INVESTMENT ADVISORY AND SERVICE AGREEMENT
THIS AGREEMENT, dated and effective as of the 1st day of March, 1995,
by and between AMERICAN MUTUAL FUND, INC., a Maryland corporation, (hereinafter
called the "Fund"), and CAPITAL RESEARCH AND MANAGEMENT COMPANY, a Delaware
corporation, (hereinafter called the "Investment Adviser ").
W I T N E S S E T H:
A. The Fund is an open-end diversified investment company of the
management type, registered under the Investment Company Act of 1940. The
Investment Adviser is registered under the Investment Adviser's Act of 1940 and
is engaged in the business of providing investment advisory services to
investment companies and others, and related activities.

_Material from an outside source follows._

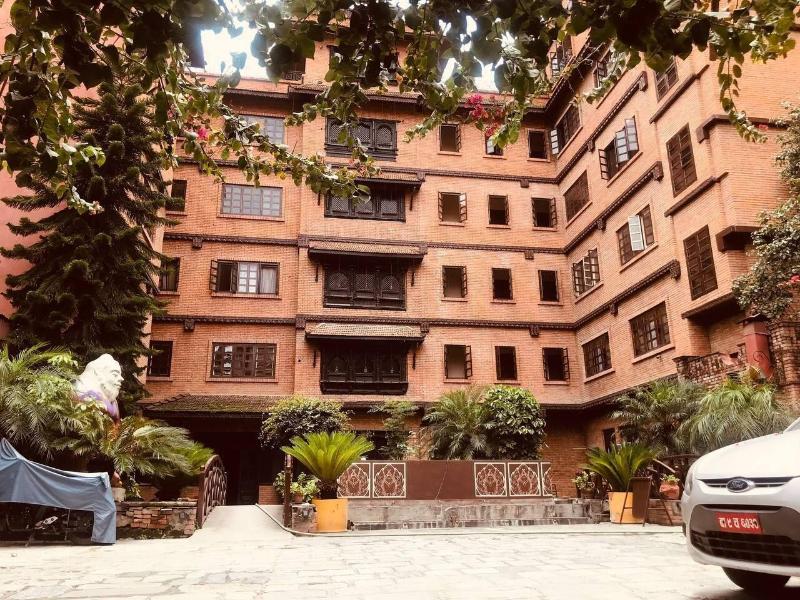 Courtyard Pujan Hotel image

B. The Investment Adviser has provided investment advisory
services to the Fund since November 23, 1949, and is currently providing such
services under a written agreement dated March 1, 1990, as renewed.
NOW THEREFORE, in consideration of the premises and the mutual
undertakings of the parties, it is covenanted and agreed as follows:
1. The Investment Adviser shall furnish advice to the Fund with
respect to investing in and purchasing and selling securities. The Investment
Adviser shall make available to the Fund all investment information and data
maintained by the Investment Adviser and its facilities for obtaining such
information and data. In addition, the Investment Adviser shall determine what
securities shall be purchased or sold by the Fund.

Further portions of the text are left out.